On the other hand, given an object $X$ of $D^ b(\mathcal{A})$ we can consider the element

\[ c(X) = \sum (-1)^ i[H^ i(X)] \in K_0(\mathcal{A}) \]

Given a distinguished triangle $X \to Y \to Z$ the long exact sequence of cohomology ( and the relations in $K_0(\mathcal{A})$ show that $c(Y) = c(X) + c(Z)$. Thus $c$ factors through a map $c : K_0(D^ b(\mathcal{A})) \to K_0(\mathcal{A})$.

We want to show that the two maps above are mutually inverse. It is clear that the composition $K_0(\mathcal{A}) \to K_0(D^ b(\mathcal{A})) \to K_0(\mathcal{A})$ is the identity. Suppose that $X^\bullet $ is a bounded complex of $\mathcal{A}$. The existence of the distinguished triangles of “stupid truncations” (see Homology, Section 12.15)

\[ \sigma _{\geq n}X^\bullet \to \sigma _{\geq n - 1}X^\bullet \to X^{n - 1}[-n + 1] \to (\sigma _{\geq n}X^\bullet )[1] \]

and induction show that

\[ [X^\bullet ] = \sum (-1)^ i[X^ i[0]] \]

in $K_0(D^ b(\mathcal{A}))$ (with again apologies for the notation).

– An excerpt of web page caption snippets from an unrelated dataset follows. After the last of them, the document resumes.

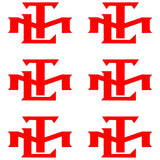 Toronto Maple Leafs TML Ice Hockey NHL Vinyl Decals Stickers small Set of 6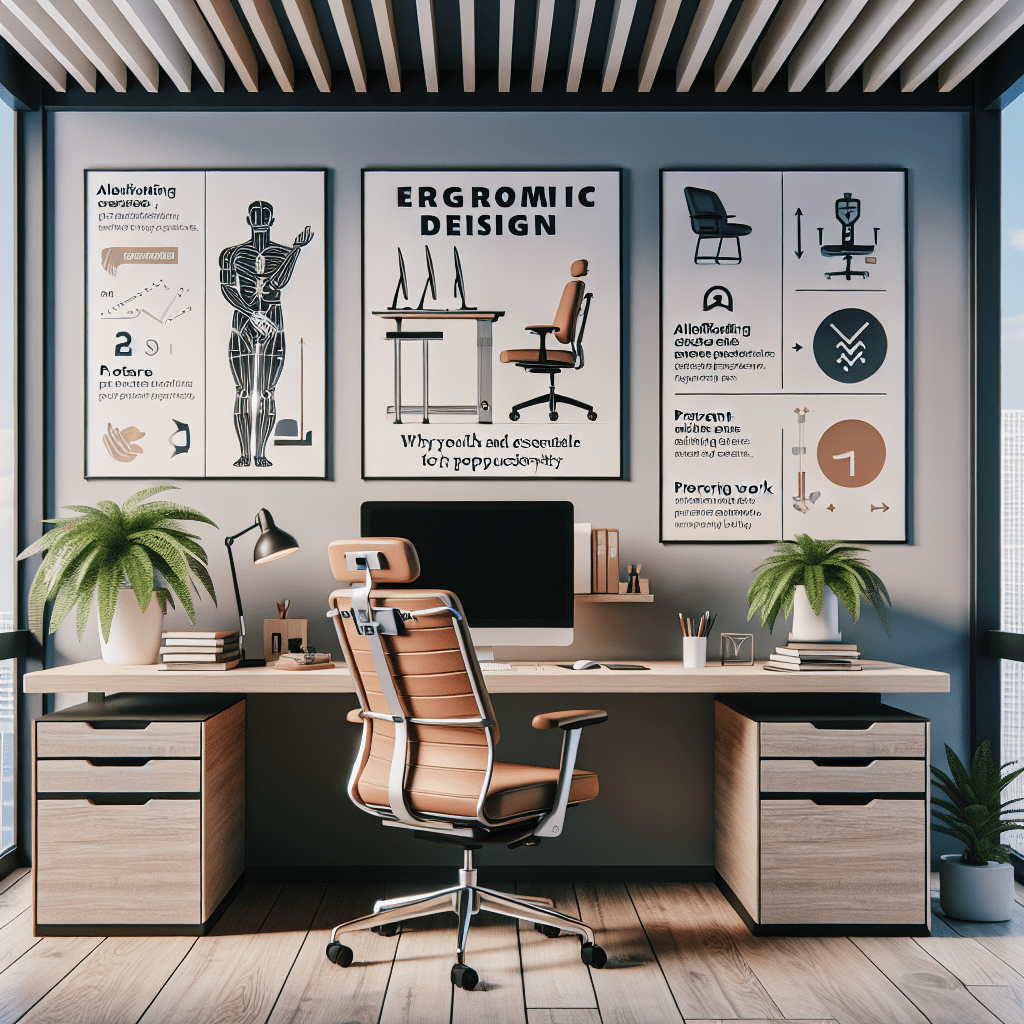 How to Create an Ergonomic Design for Your Office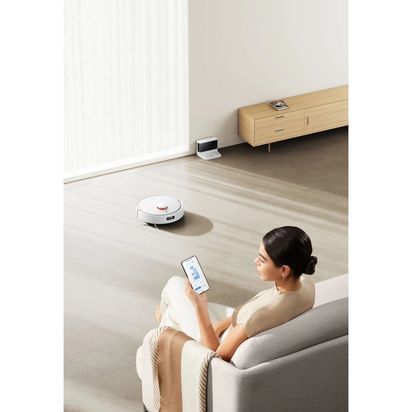 Пилосос Xiaomi Robot Vacuum S20 White Robot Vacuum S20 White фото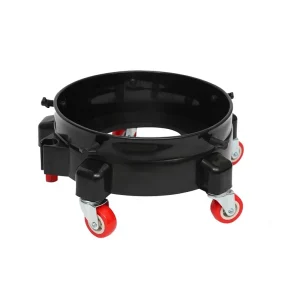 עגלת דלי ניידת לניקוי רכב - 360° עם גלגלים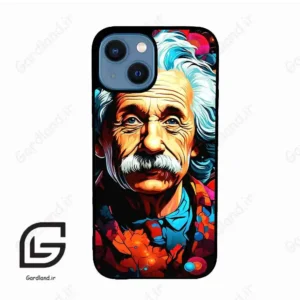 قاب گوشی آیفون 13 مینی (Iphone 13 Mini ) طرح انیشتین کد 2407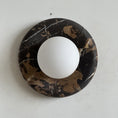 Load image into Gallery viewer, Orli Black Marble Sconce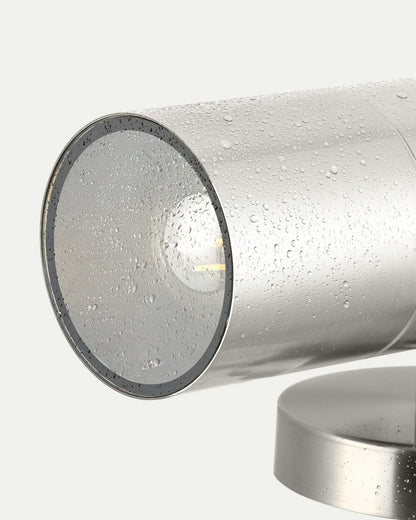 Stainless Steel Outdoor Wall Light (Stainless 2PK)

It follows that the composition $K_0(\mathcal{A}) \to K_0(D^ b(\mathcal{A}))$ is surjective which finishes the proof. $\square$

Comments (2)

Comment #7517 by Hao Peng on

I think in the proof we should use the usual truncation instead of the stupid truncation.

Comment #7649 by on

@#7517: I do not agree. @everyone: if you think there is an error in a proof, then please point out exactly what the error is.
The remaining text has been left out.